Problem to work on
When you reach the line with "Ceramic Presentation of Building Materials Ceramic" in the records below, begin transcribing exactly and continue up to and including the line with "Смеситель Decoroom DR46028 (хром/черный)", leaving out every picture.

Supplied entries
..........

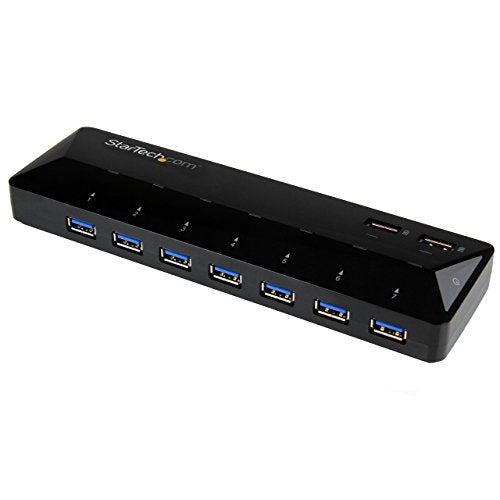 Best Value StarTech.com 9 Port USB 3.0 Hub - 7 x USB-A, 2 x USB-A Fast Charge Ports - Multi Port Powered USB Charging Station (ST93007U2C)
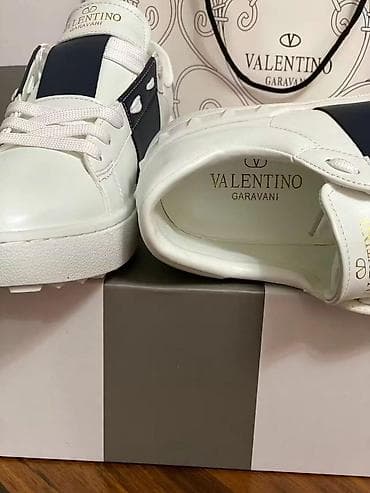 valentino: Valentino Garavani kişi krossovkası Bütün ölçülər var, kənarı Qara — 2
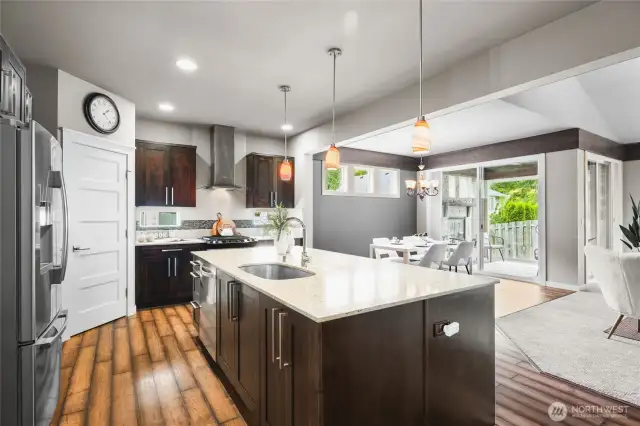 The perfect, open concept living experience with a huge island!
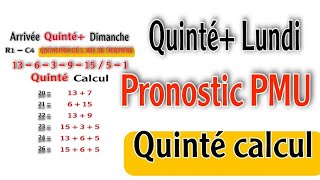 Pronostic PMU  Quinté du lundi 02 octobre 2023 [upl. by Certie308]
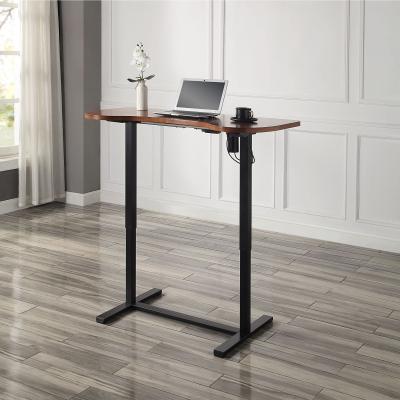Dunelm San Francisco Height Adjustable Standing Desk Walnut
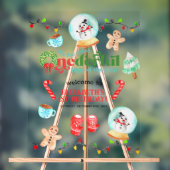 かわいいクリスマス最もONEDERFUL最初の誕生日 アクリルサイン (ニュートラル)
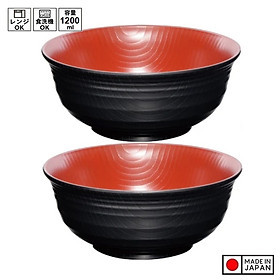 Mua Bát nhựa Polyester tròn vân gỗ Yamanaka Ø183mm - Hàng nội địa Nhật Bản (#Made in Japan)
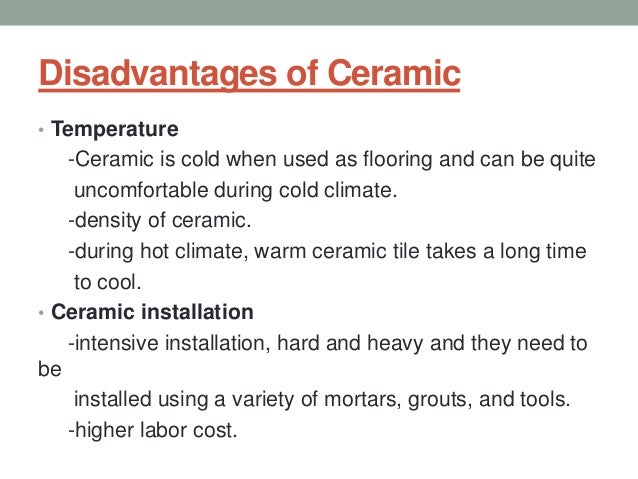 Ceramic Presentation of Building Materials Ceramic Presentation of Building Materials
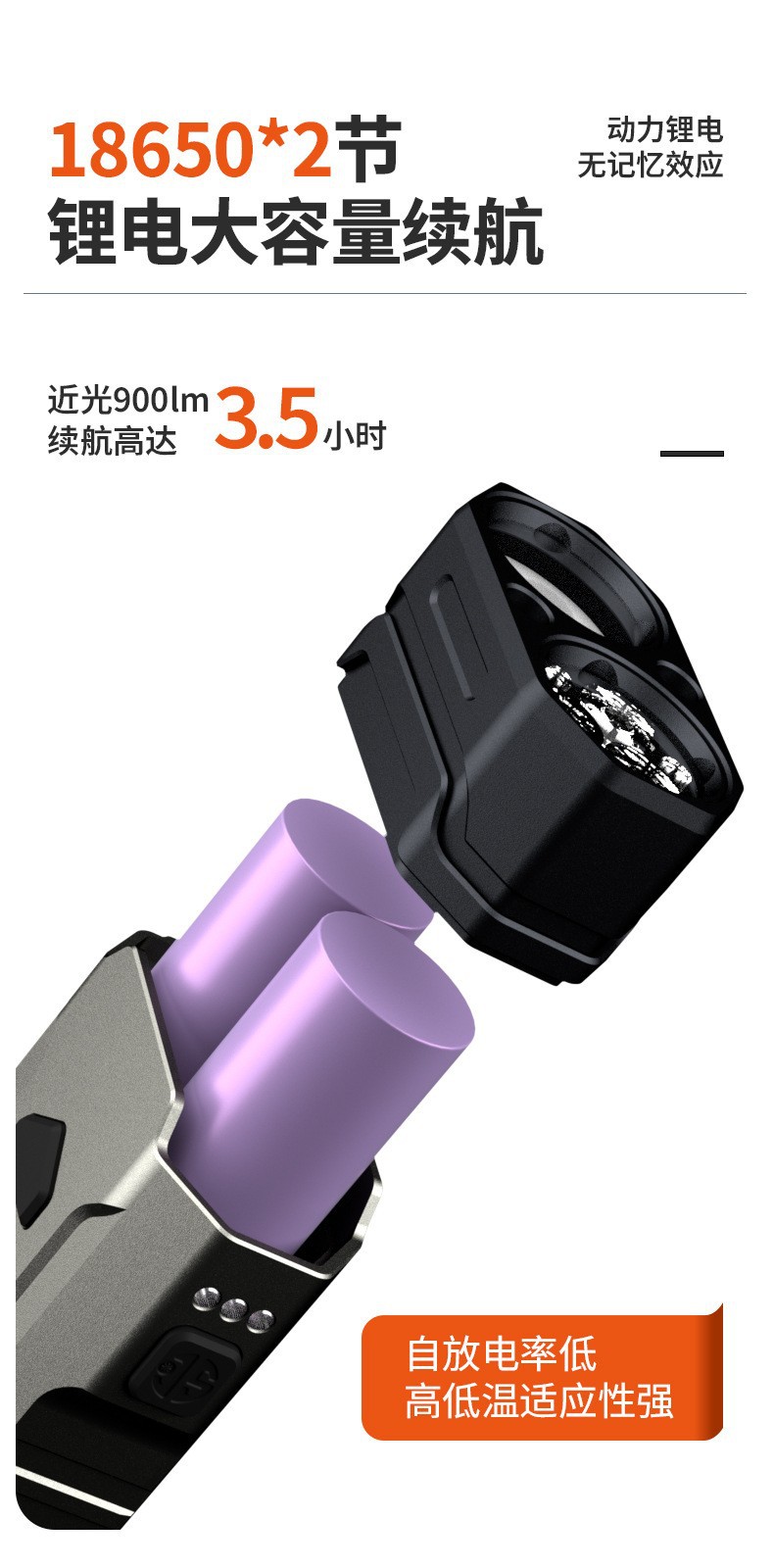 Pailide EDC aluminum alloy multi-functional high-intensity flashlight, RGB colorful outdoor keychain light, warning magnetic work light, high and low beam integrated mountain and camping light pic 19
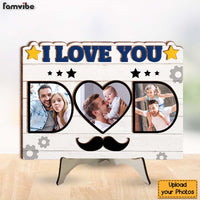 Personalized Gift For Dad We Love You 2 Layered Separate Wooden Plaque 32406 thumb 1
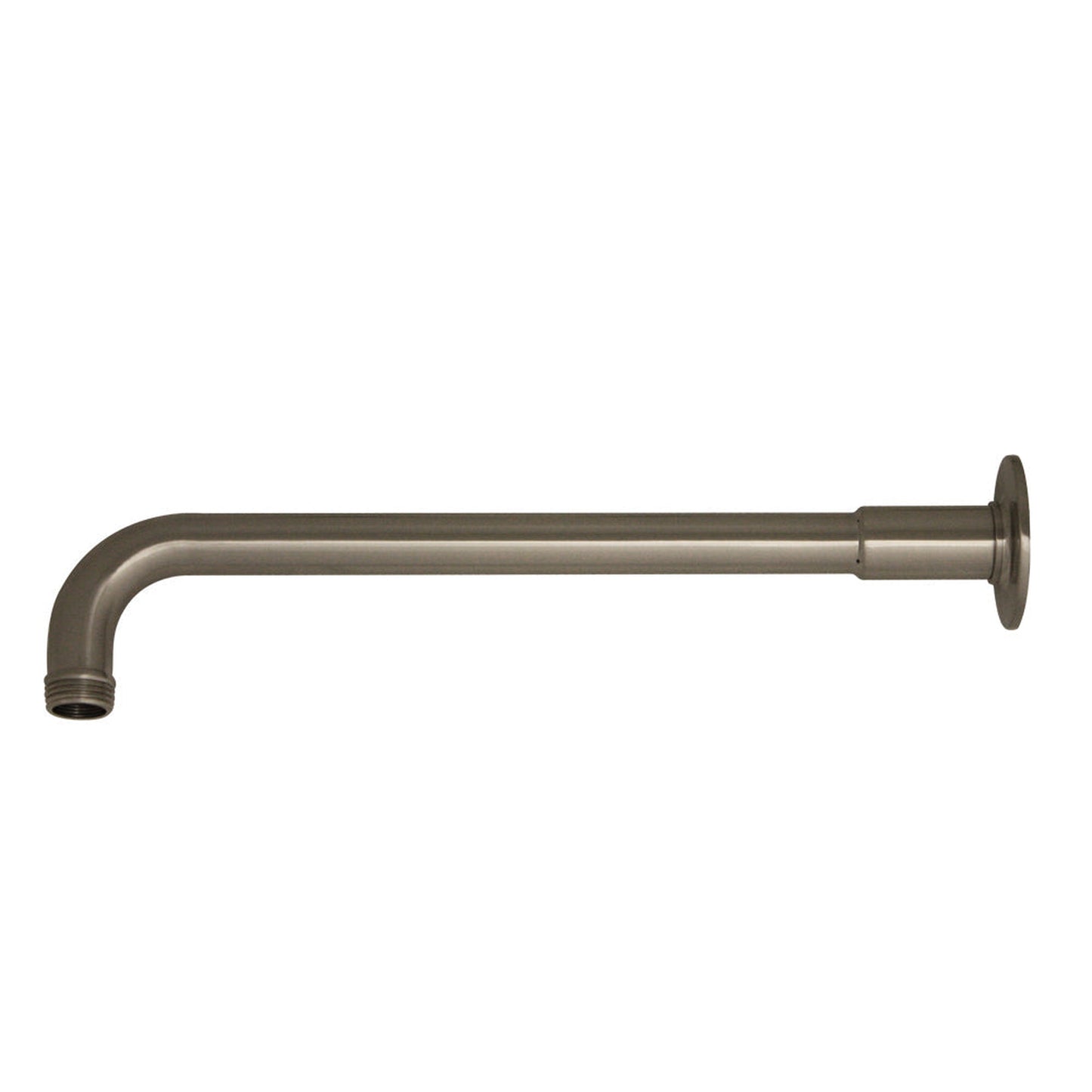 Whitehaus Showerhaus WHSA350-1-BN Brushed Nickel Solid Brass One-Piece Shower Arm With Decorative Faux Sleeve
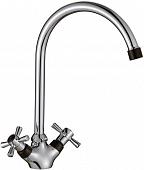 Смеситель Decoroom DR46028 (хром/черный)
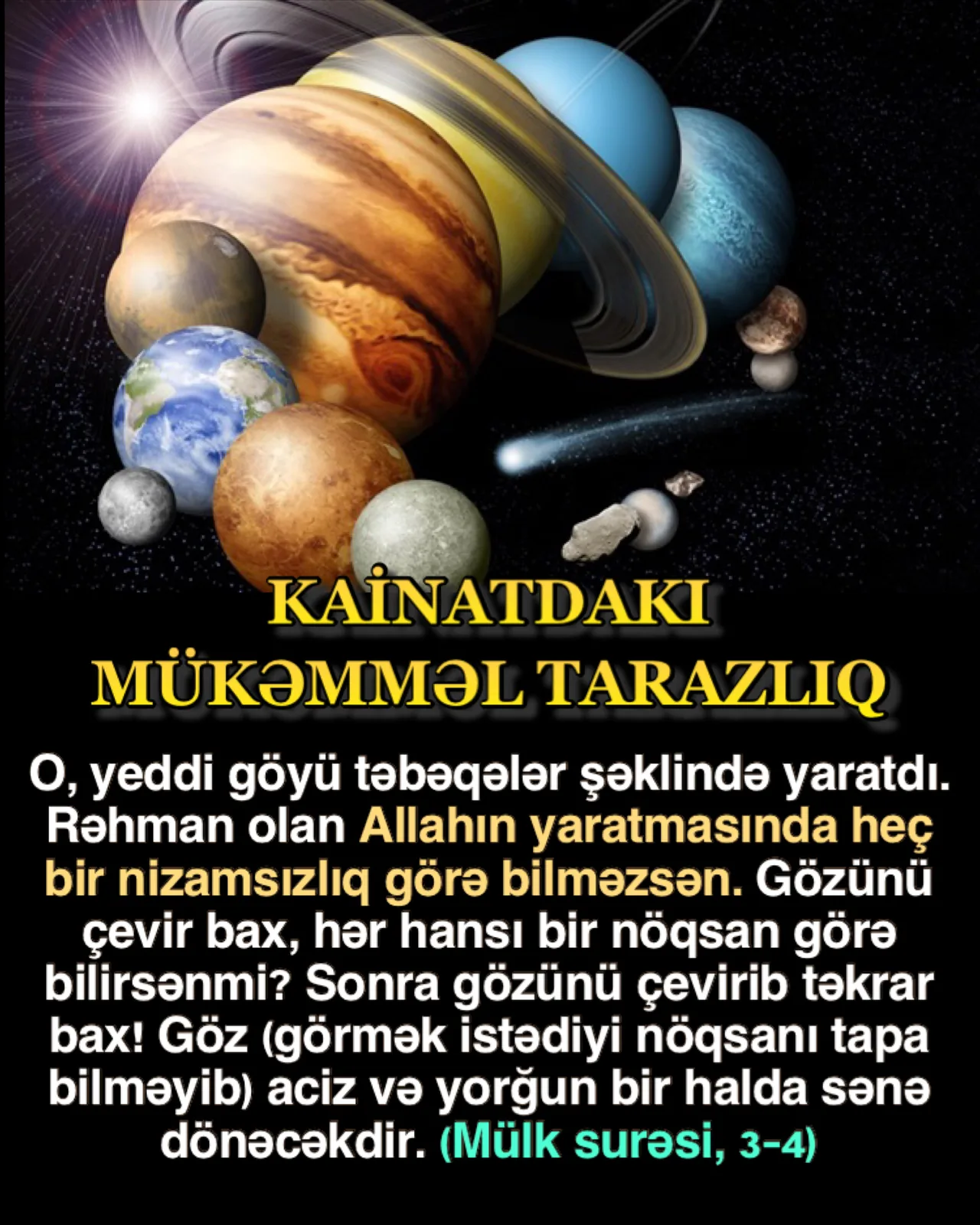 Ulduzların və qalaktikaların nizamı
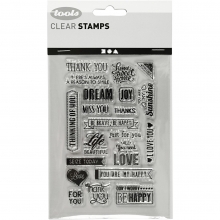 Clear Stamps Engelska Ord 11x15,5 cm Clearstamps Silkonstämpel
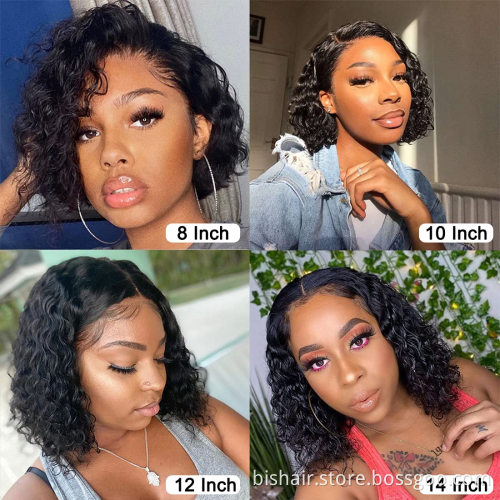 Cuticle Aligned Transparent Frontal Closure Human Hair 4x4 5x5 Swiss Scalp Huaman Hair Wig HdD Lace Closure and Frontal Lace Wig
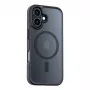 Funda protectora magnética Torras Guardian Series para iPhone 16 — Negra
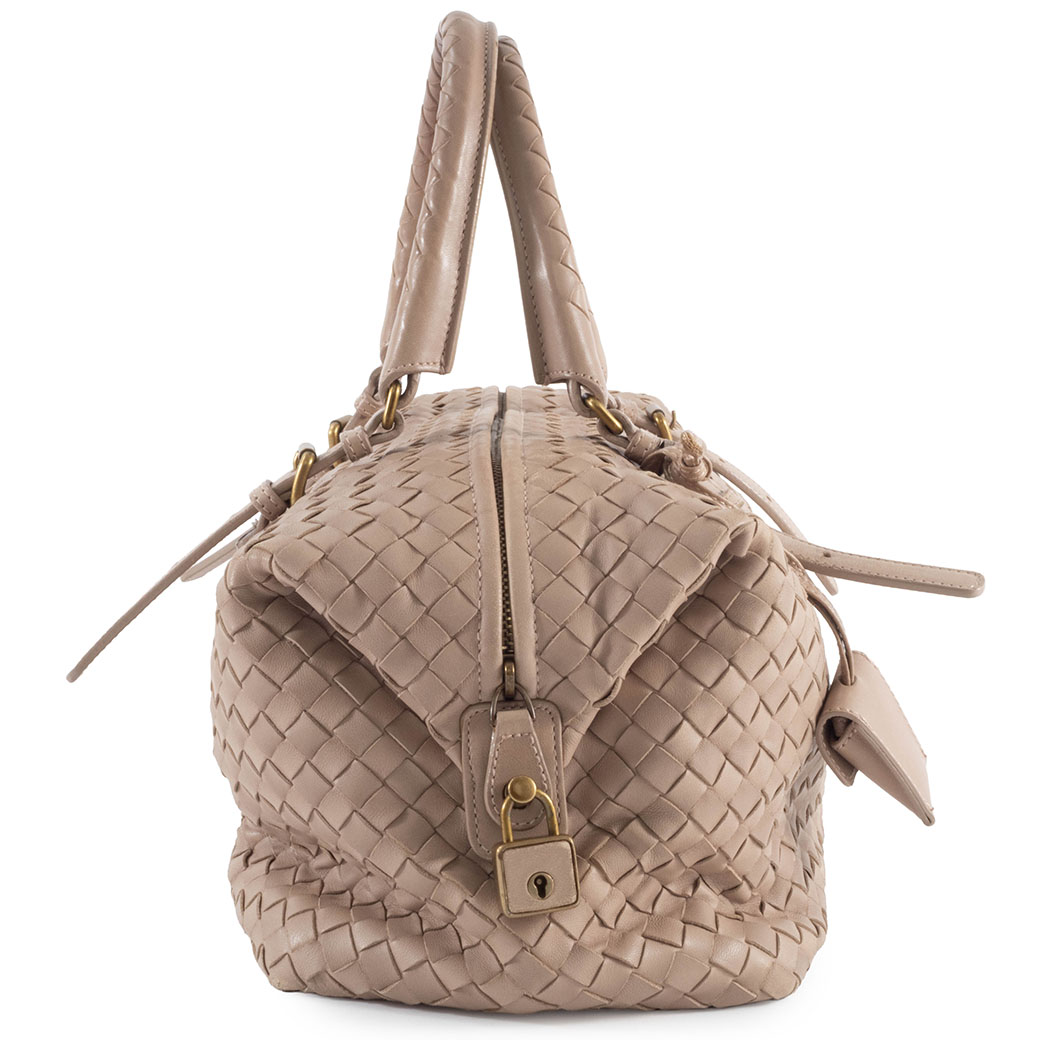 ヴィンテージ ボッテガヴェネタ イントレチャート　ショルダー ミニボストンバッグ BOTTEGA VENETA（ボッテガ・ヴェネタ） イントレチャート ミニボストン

..........

Answer to this exercise
 Ceramic Presentation of Building Materials Ceramic Presentation of Building Materials
 Pailide EDC aluminum alloy multi-functional high-intensity flashlight, RGB colorful outdoor keychain light, warning magnetic work light, high and low beam integrated mountain and camping light pic 19
 Personalized Gift For Dad We Love You 2 Layered Separate Wooden Plaque 32406 thumb 1
 Whitehaus Showerhaus WHSA350-1-BN Brushed Nickel Solid Brass One-Piece Shower Arm With Decorative Faux Sleeve
 Смеситель Decoroom DR46028 (хром/черный)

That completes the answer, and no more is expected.